I wondered if we were going to see Johnny Horne (Eric Rondell) in this season. Apparently that's Ben's wife, Sylvia (Jan D'Arcy) with him though we don't get a good look. It suggests Ben's family life is still as dysfunctional and cold as ever, something where maybe he and Beverly might have a lot in common.



Poor Jerry Horne (David Patrick Kelly) continues his bad trip in the woods. He finds himself in an estranged relationship with his foot, which could be seen as a version of what Ben is going through, though it might also be, like his feeling that his car had been stolen a few episodes earlier, a reflection of Cooper's (Kyle MacLachlan) story, a man whose life is certainly not his own.



Mr. C arrives at the farm and things feel a bit Tarantino-ish for the presence of Tim Roth and Jennifer Jason Leigh. I hope we'll see more of them both. I love the unexplained pair of people motionless on the ground in the background--such a Lynchian detail.



One of Lynch's talents it's easy to forget about if you watch his movies over and over (like I do) is how good he is at crafting surprises that are strange but also just close enough to credible keep you in the reality. I really, really love the three big cops investigating Dougie's case. I love the one credited as "Smiley" Fusco (Eric Edelstein) whose laugh Lynch deploys with surgical precision. The cops are like classic, cynical noir detectives just tipped into the surreal. Even the sergeant who comes in to take the fingerprints--he's in such a good mood and he's got those weird, big gestures, but it's weird like real people are weird.
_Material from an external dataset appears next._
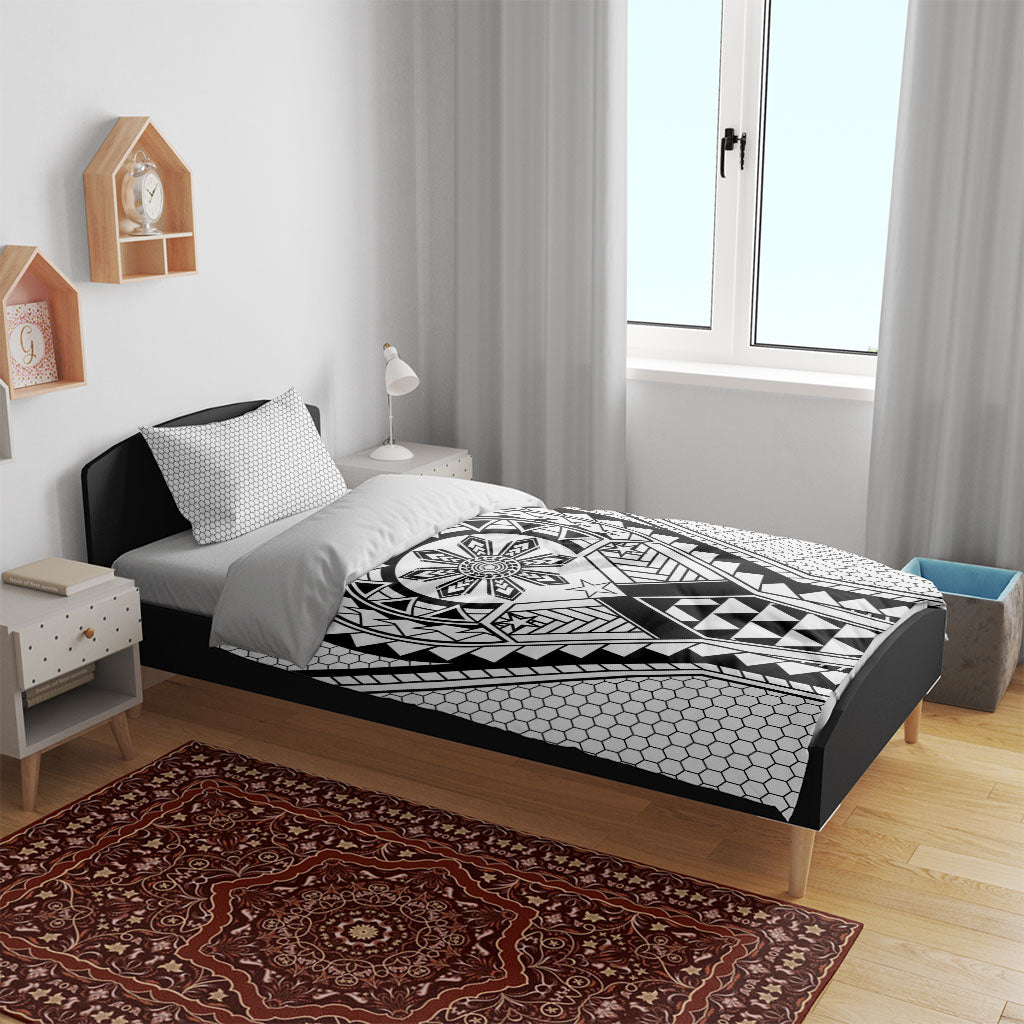 Philippines Batok Tribal Inspired Tattoo White Bedding Set LT05 - Polynesian Pride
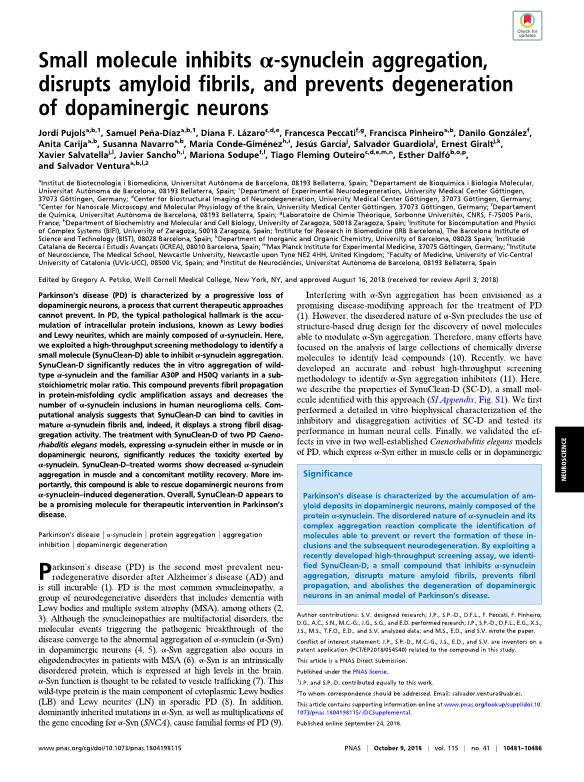 Small molecule inhibits alpha-synuclein aggregation, disrupts amyloid fibrils, and prevents degeneration of dopaminergic neurons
I wasn't familiar with Sky Ferrera before this but I loved her scene in the roadhouse where she talks about working fast food places and scratches the huge rash in her armpit. I was reminded of the idea Lynch and Isabella Rossellini had for Rossellini's character in Wild at Heart, that she should somehow be both ugly and beautiful at the same time and that the two qualities should be related to each other in a strange way. Ferrera's conversation with her friend (Karolina Wydra) was also like a deranged version of the conversation between Donna and Maddy in the season two première.

Last night's episode ended with a welcome second performance from Au Revoir Simone. This season of Twin Peaks may end up having one of the greatest soundtracks in the history of television.